Q: What is a decimal expansion?

A: A decimal expansion is a way of representing a number in a base-10 system. It is a series of digits that follow a decimal point, such as 0.5, 0.25, or 0.11111111...

Q: How do I find rational numbers between two given values?

A: To find rational numbers between two given values, you can start by finding the midpoint of those values. The midpoint is the average of the two values, and it can be used to find rational numbers between them.

Q: How do I express a repeating decimal as a fraction?

A: To express a repeating decimal as a fraction, you can use algebraic manipulation. Let x be the repeating decimal, and multiply both sides of the equation by 10 to get 10x. Then, subtract the original equation from this new equation to get 9x = 1. Finally, solve for x by dividing both sides of the equation by 9.

Q: What is the difference between a rational number and a decimal expansion?

A: A rational number is a number that can be expressed as a fraction, while a decimal expansion is a way of representing a number in a base-10 system. While all rational numbers can be expressed as decimal expansions, not all decimal expansions are rational numbers.

Q: Can you provide an example of a rational number that is not a decimal expansion?

A: Yes, the number 1/2 is a rational number that is not a decimal expansion. While it can be expressed as the decimal 0.5, it is not a repeating decimal and therefore cannot be expressed as a decimal expansion.

Q: Can you provide an example of a decimal expansion that is not a rational number?

A: Yes, the number 0.123456789101112... is a decimal expansion that is not a rational number.
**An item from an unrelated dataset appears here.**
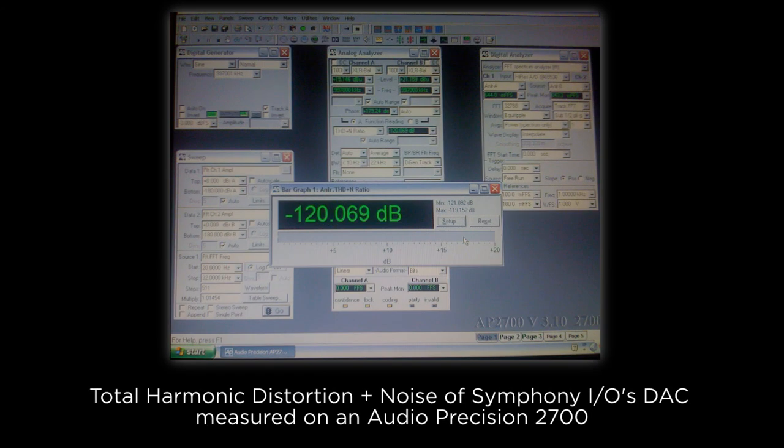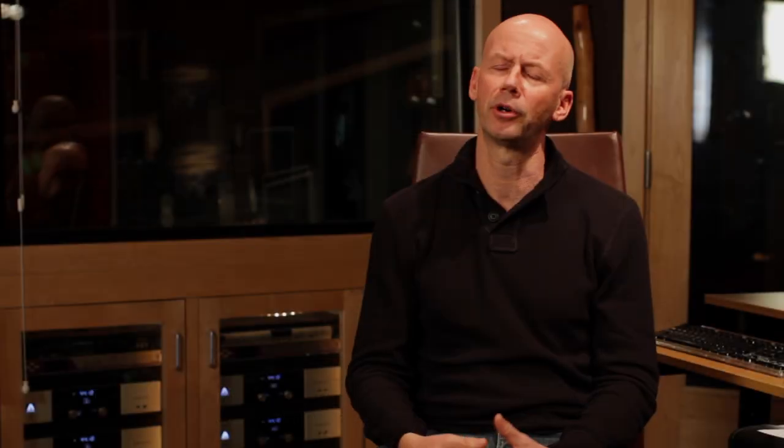The specs of Symfony I.O. are better than anything that we've done before. That's never our main objective though. For us the most important is to make a good sounding device. The beauty of Symfony I.O. is it's a great sounding device and has the best specs.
This number is an irrational number, which means that it cannot be expressed as a fraction.

Q: How do I determine whether a decimal expansion is rational or irrational?

A: To determine whether a decimal expansion is rational or irrational, you can use the following test: if the decimal expansion repeats after a certain number of digits, it is likely to be a rational number. If the decimal expansion does not repeat, it is likely to be an irrational number.

Q: Can you provide an example of a decimal expansion that is a rational number?

A: Yes, the number 0.333333... is a decimal expansion that is a rational number. This number can be expressed as the fraction 1/3.

In this article, we have provided a Q&A guide to help readers understand and apply the concepts of rational numbers and decimal expansions. We have covered topics such as the definition of rational numbers, decimal expansions, and how to express repeating decimals as fractions. By following the answers provided in this article, readers should be able to gain a deeper understanding of these concepts and apply them in their own mathematical work.

Key Takeaways

• Rational numbers can be expressed as fractions.
• Decimal expansions can be used to represent numbers in a base-10 system.
• Repeating decimals can be expressed as fractions using algebraic manipulation.
• Not all decimal expansions are rational numbers.
• The midpoint of two values can be used to find rational numbers between those values.

Further Reading

For further reading on rational numbers and decimal expansions, we recommend the following resources:

• "Rational Numbers" by Math Open Reference
• "Decimal Expansions" by Khan Academy
• "Algebraic Manipulation" by Wolfram Alpha

By following the resources provided in this article, readers should be able to gain a deeper understanding of rational numbers and decimal expansions, and apply these concepts in their own mathematical work.